→ **Task requirements**:
I'd like the data below restated word for word, with the pictures left out.

→ **Data in this exercise**:
>>>>>
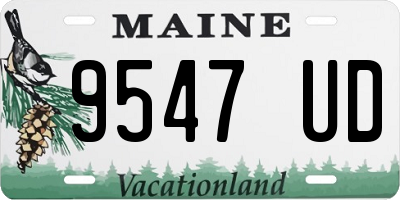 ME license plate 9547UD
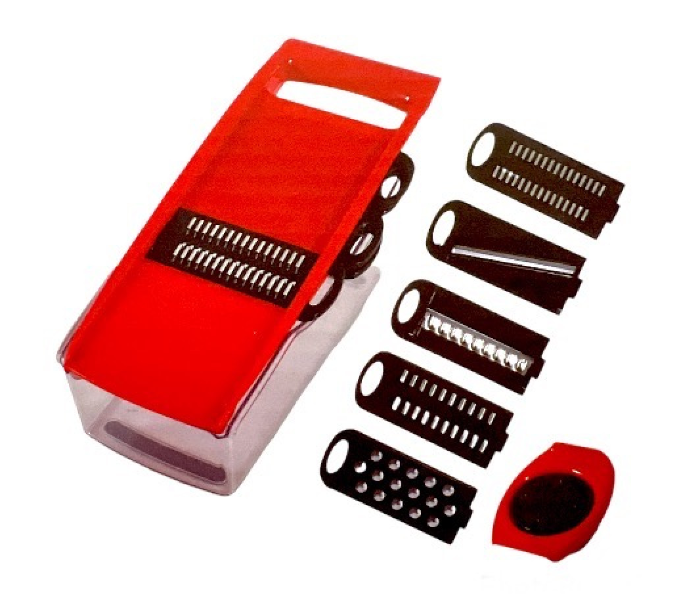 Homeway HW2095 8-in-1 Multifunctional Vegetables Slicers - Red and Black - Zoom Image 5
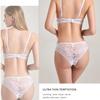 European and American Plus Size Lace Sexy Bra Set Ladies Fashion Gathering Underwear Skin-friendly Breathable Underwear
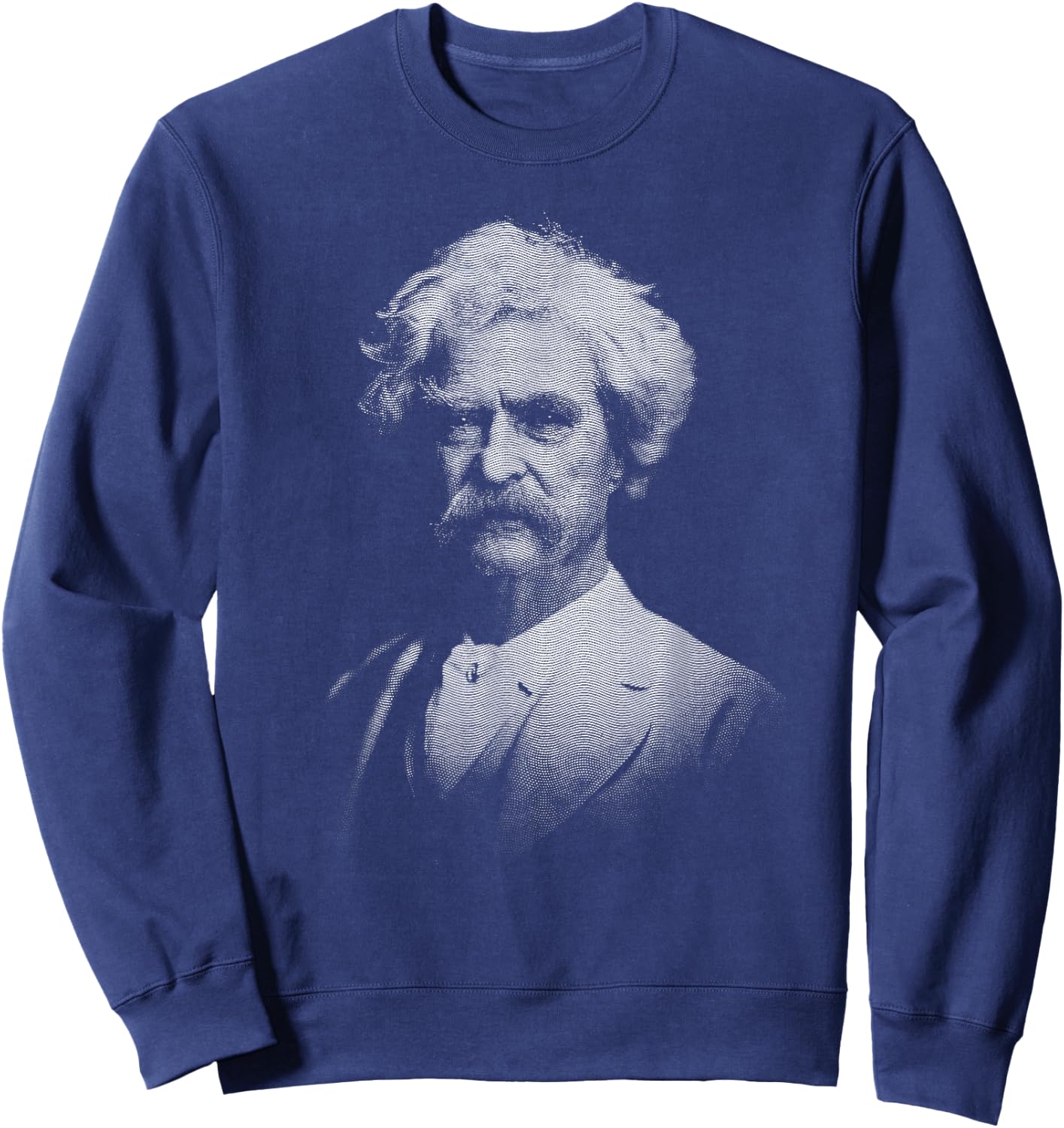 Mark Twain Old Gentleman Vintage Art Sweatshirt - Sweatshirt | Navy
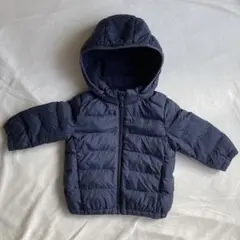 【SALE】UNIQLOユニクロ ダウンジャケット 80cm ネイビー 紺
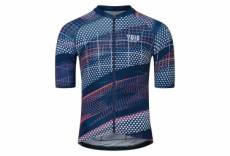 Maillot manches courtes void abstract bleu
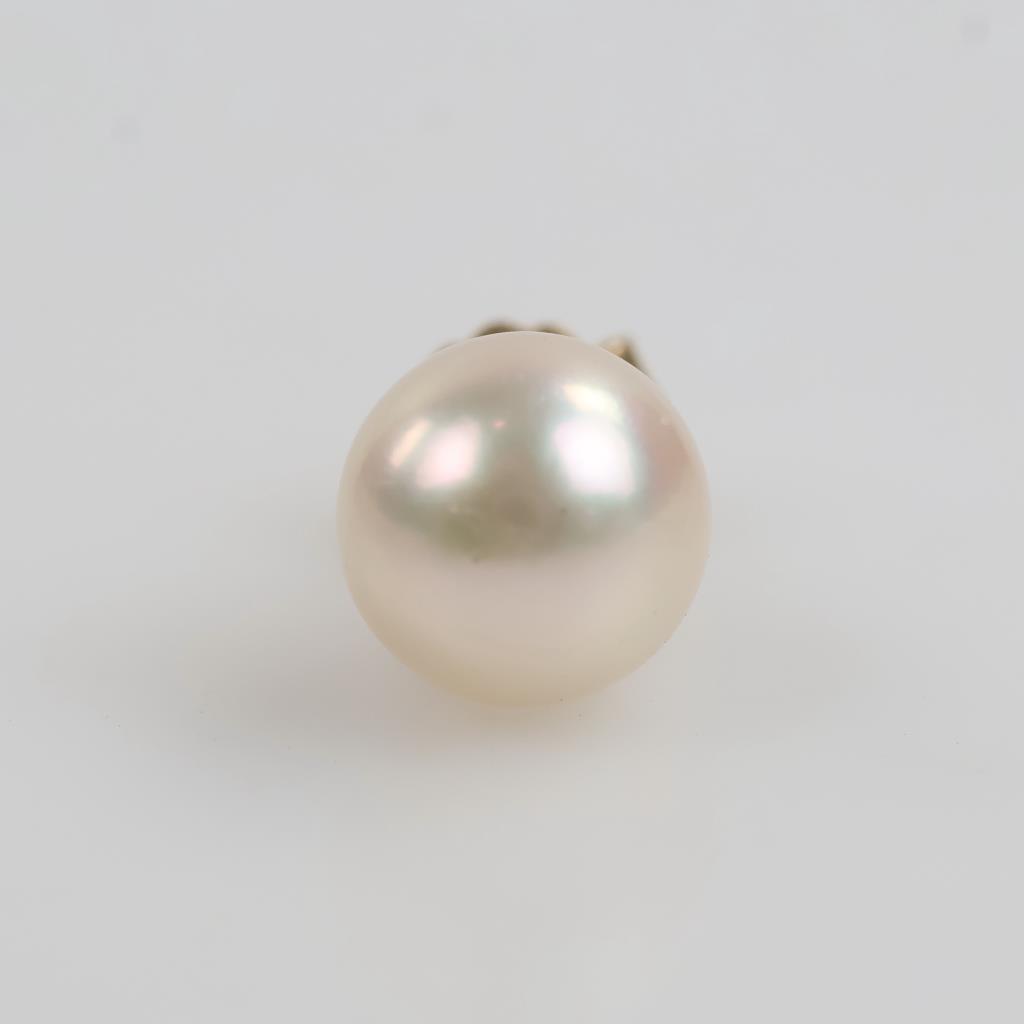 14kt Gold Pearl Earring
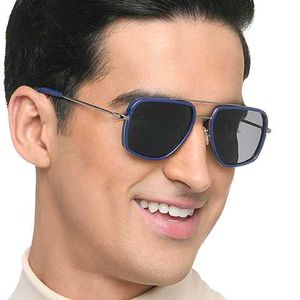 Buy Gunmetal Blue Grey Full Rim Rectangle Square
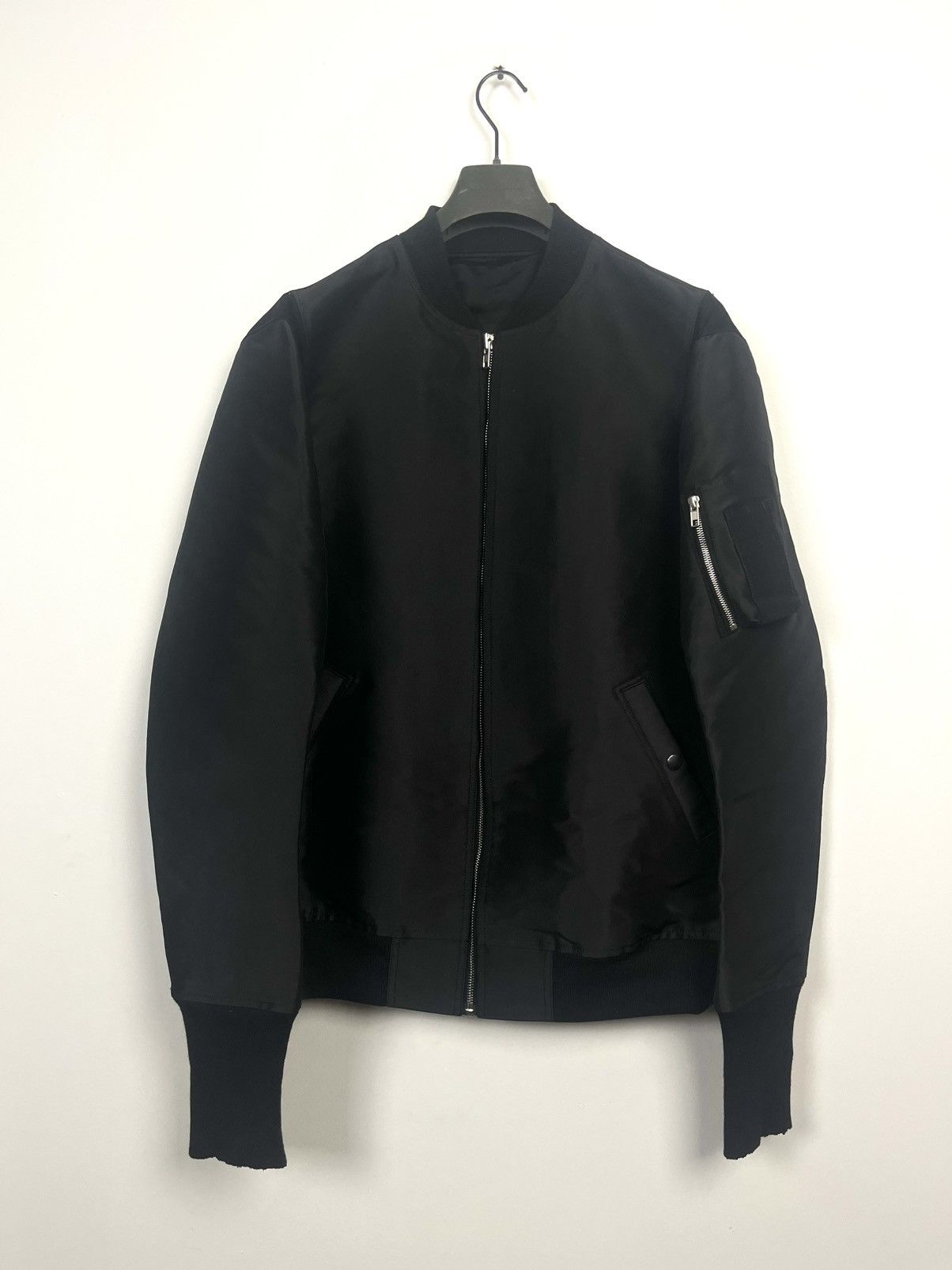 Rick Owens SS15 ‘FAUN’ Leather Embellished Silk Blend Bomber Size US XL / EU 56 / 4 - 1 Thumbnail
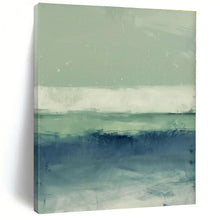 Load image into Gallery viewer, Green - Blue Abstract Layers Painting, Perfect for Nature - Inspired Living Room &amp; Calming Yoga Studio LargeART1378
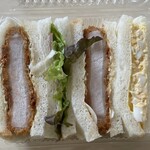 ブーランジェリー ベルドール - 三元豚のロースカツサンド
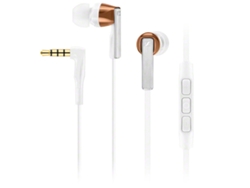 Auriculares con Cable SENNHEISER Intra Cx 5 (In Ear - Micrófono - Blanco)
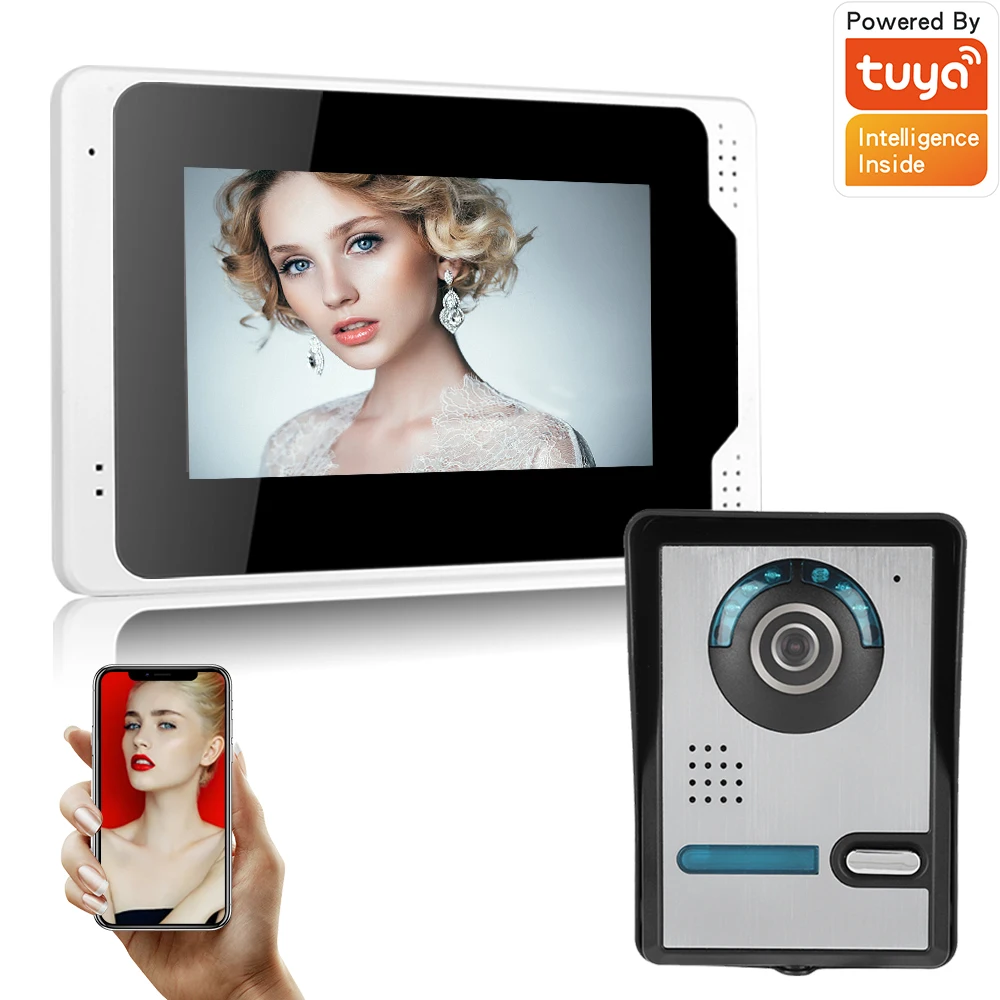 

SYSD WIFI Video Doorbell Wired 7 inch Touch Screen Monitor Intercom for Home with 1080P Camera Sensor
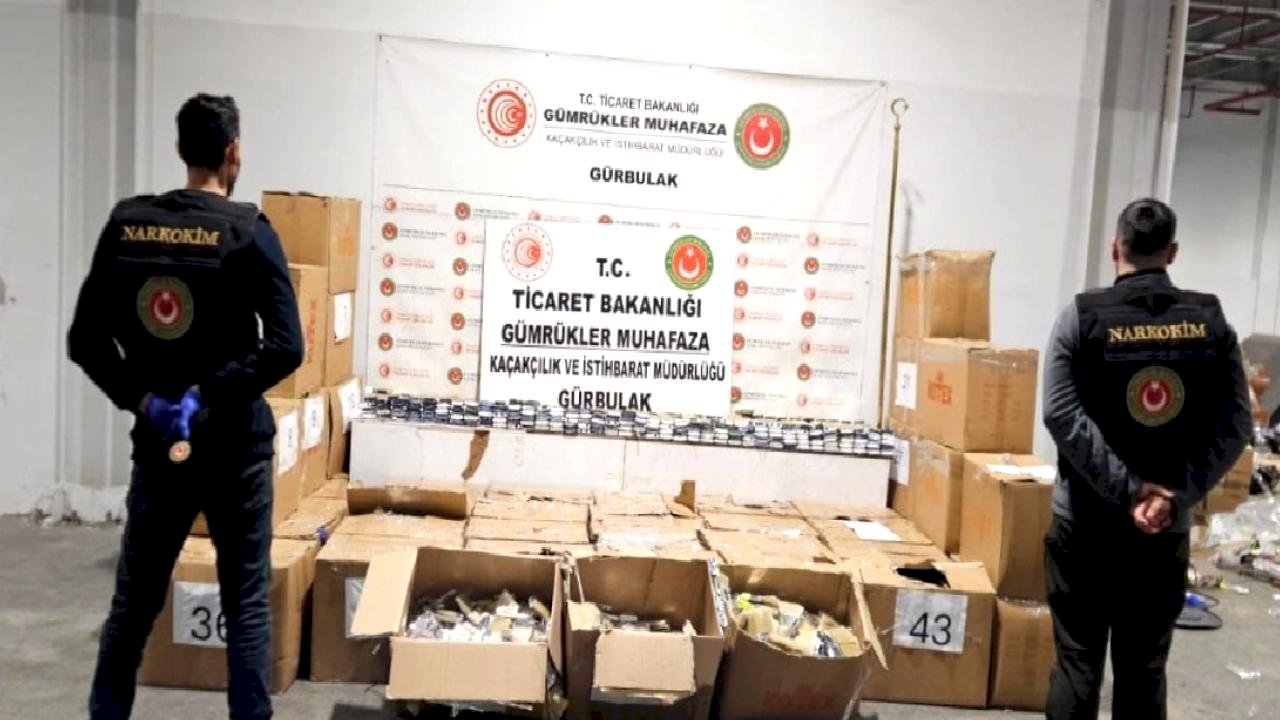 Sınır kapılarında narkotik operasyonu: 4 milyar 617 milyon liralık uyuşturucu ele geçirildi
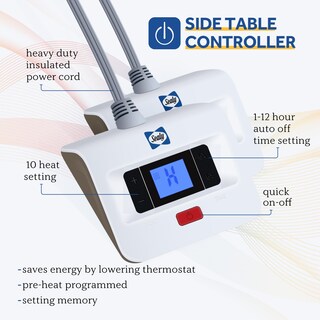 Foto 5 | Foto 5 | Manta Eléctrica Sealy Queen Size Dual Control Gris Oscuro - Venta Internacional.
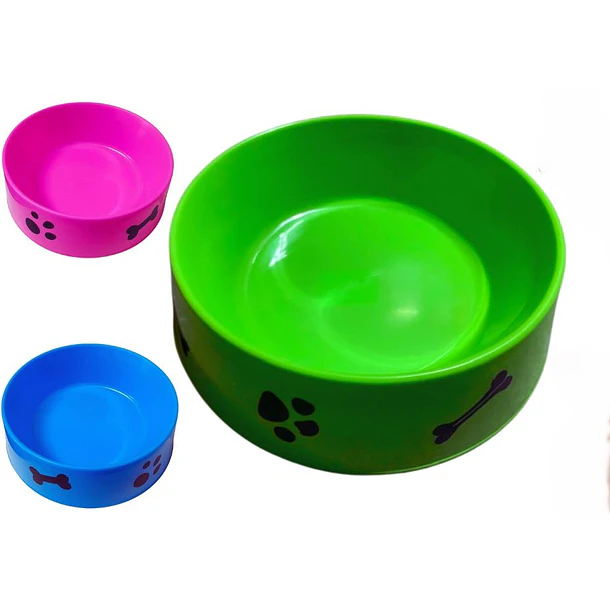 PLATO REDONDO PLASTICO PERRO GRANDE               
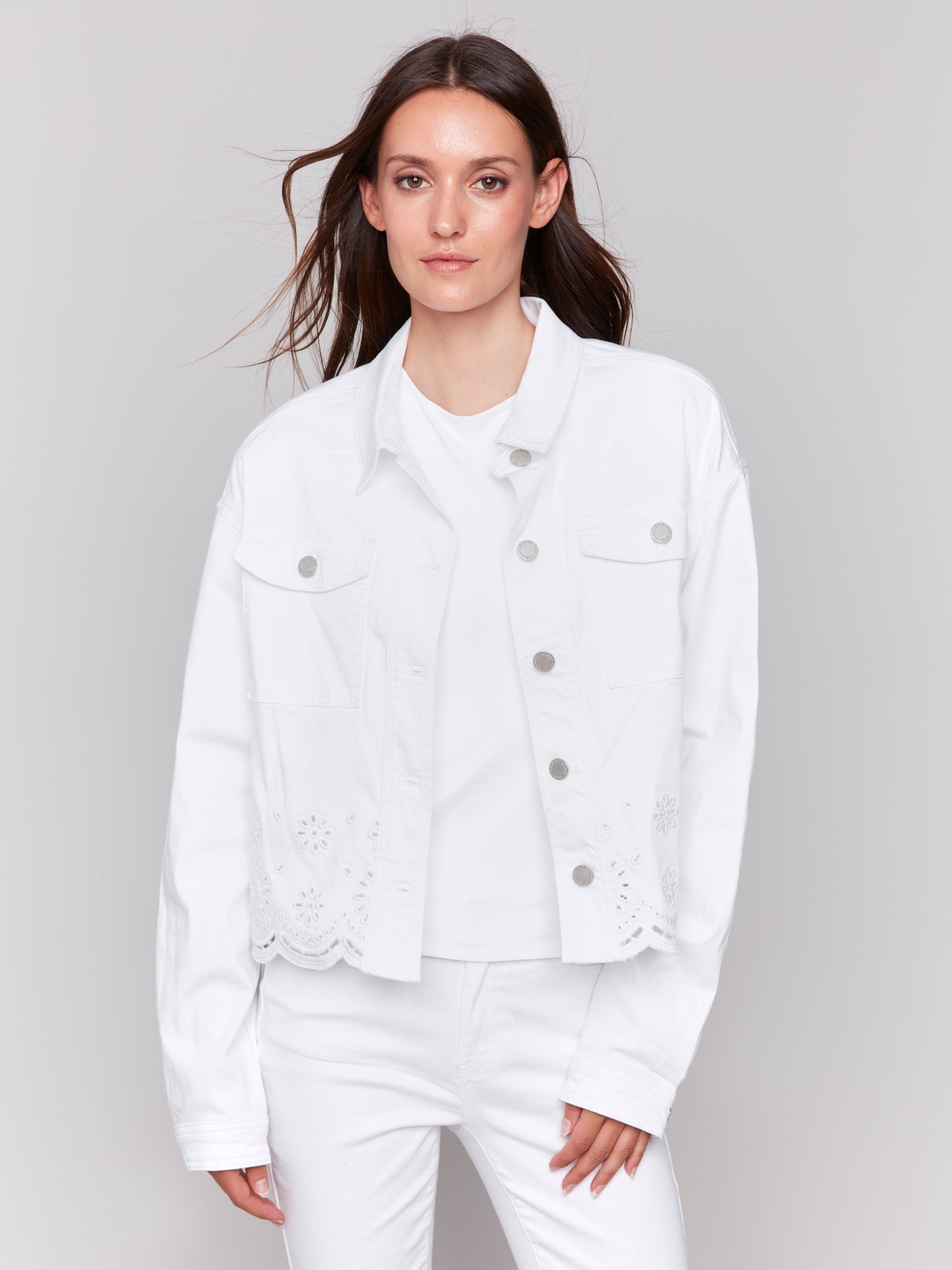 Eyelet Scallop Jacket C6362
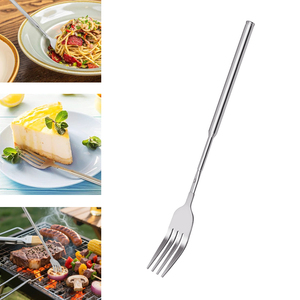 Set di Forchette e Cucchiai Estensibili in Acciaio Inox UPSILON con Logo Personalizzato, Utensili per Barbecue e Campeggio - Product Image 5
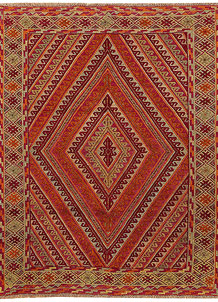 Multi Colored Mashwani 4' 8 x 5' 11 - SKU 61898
<<<<<
→ **Solution for this exercise**:
 ME license plate 9547UD
 Homeway HW2095 8-in-1 Multifunctional Vegetables Slicers - Red and Black - Zoom Image 5
 European and American Plus Size Lace Sexy Bra Set Ladies Fashion Gathering Underwear Skin-friendly Breathable Underwear
 Mark Twain Old Gentleman Vintage Art Sweatshirt - Sweatshirt | Navy
 【SALE】UNIQLOユニクロ ダウンジャケット 80cm ネイビー 紺
 Maillot manches courtes void abstract bleu
 14kt Gold Pearl Earring
 Buy Gunmetal Blue Grey Full Rim Rectangle Square
 Rick Owens SS15 ‘FAUN’ Leather Embellished Silk Blend Bomber Size US XL / EU 56 / 4 - 1 Thumbnail
 Load image into Gallery viewer, Green - Blue Abstract Layers Painting, Perfect for Nature - Inspired Living Room &amp; Calming Yoga Studio LargeART1378
 ブーランジェリー ベルドール - 三元豚のロースカツサンド
 Auriculares con Cable SENNHEISER Intra Cx 5 (In Ear - Micrófono - Blanco)

SYSD WIFI Video Doorbell Wired 7 inch Touch Screen Monitor Intercom for Home with 1080P Camera Sensor
 Sınır kapılarında narkotik operasyonu: 4 milyar 617 milyon liralık uyuşturucu ele geçirildi
 Foto 5 | Foto 5 | Manta Eléctrica Sealy Queen Size Dual Control Gris Oscuro - Venta Internacional.
 PLATO REDONDO PLASTICO PERRO GRANDE               
 Eyelet Scallop Jacket C6362
 Set di Forchette e Cucchiai Estensibili in Acciaio Inox UPSILON con Logo Personalizzato, Utensili per Barbecue e Campeggio - Product Image 5
 Multi Colored Mashwani 4' 8 x 5' 11 - SKU 61898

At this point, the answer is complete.